Justice, Bénin – Ibrahim Ousmane, détenu à la prison civile de Cotonou depuis plus de 16 ans sans avoir été jugé, reste prisonnier d’un système judiciaire qui peine à faire respecter ses droits fondamentaux. La Cour, une fois de plus le 12 septembre 2024 , s’est déclarée incompétente pour ordonner sa libération. Qu’est qui explique ce calvaire judiciaire interminable ?
Ibrahim Ousmane, ancien agent de sécurité, a été incarcéré en février 2008 pour vol qualifié. Depuis, il n’a jamais été présenté devant une juridiction de jugement, malgré une détention provisoire qui dépasse aujourd’hui 16 ans. Dans sa requête du 27 février 2024, enregistrée par la Cour constitutionnelle sous le numéro 0474/085/REC-24, Ousmane demande l’exécution de la décision DCC 22-068 du 24 février 2022. Cette décision reconnaissait déjà la violation de son droit à être jugé dans un délai raisonnable.
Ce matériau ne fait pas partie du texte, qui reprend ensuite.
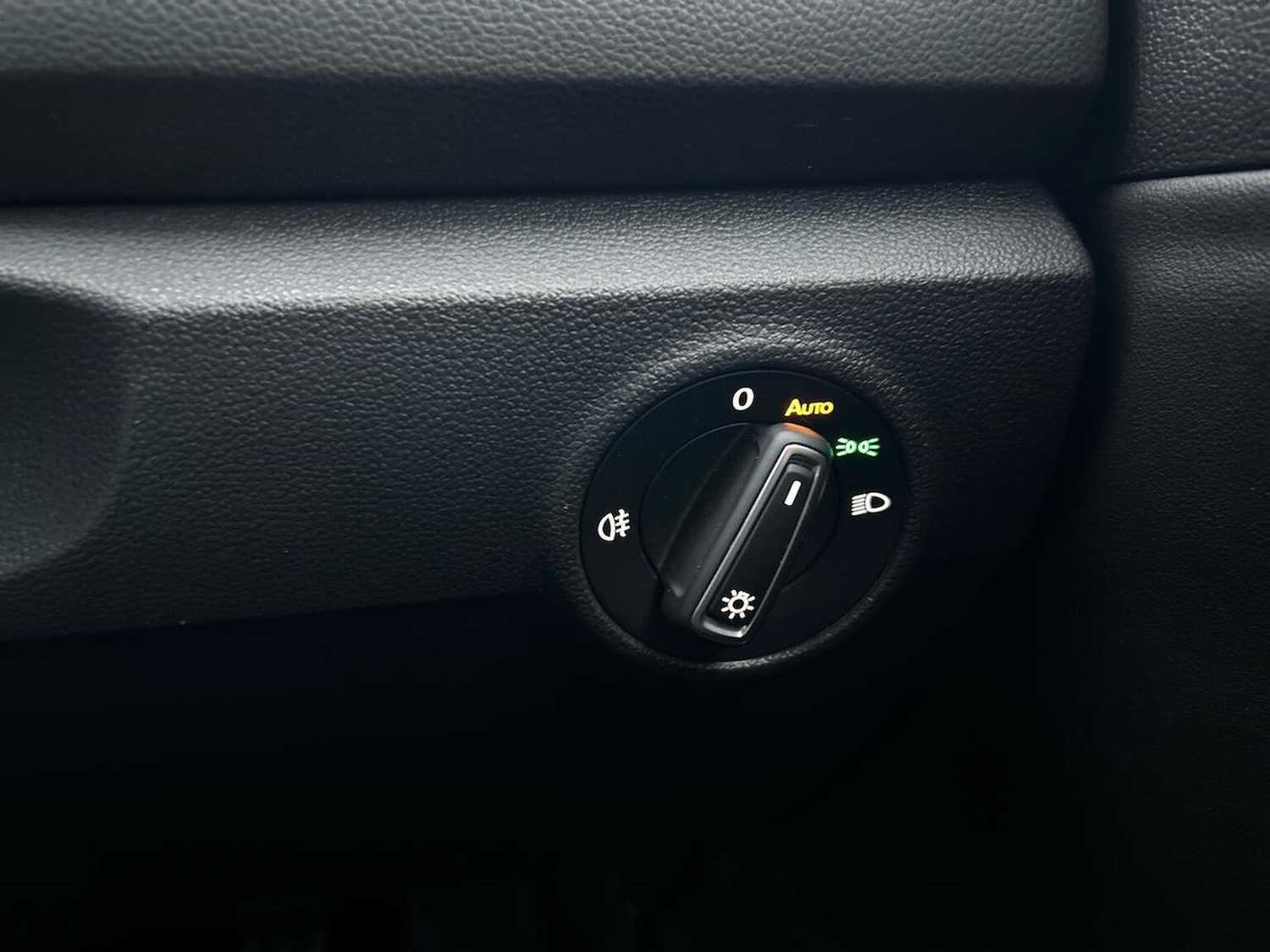 Used Volkswagen T-Roc 2022 for sale - 76497226: Photo 22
Dans son recours, Ousmane rappelle qu’il a saisi la Cour une première fois en décembre 2021 pour faire constater la prolongation abusive de sa détention provisoire. Il souligne que, malgré la décision de la Cour en 2022, les autorités judiciaires n’ont pris aucune mesure concrète pour mettre fin à sa situation.
La réponse des autorités judiciaires
Le juge du deuxième cabinet d’instruction du tribunal de première instance de Cotonou, directement impliqué dans cette affaire, a été interrogé par la Cour. Il a reconnu que la procédure contre Ibrahim Ousmane avait été ouverte dès février 2008, sous la référence COTO/2008/RP/00755. Cependant, il a précisé que l’instruction avait été clôturée le 10 décembre 2010, avec une transmission des pièces au procureur général près la Cour d’appel de Cotonou. Ce dernier élément semble avoir servi de justification pour ne pas présenter Ousmane devant une juridiction de jugement.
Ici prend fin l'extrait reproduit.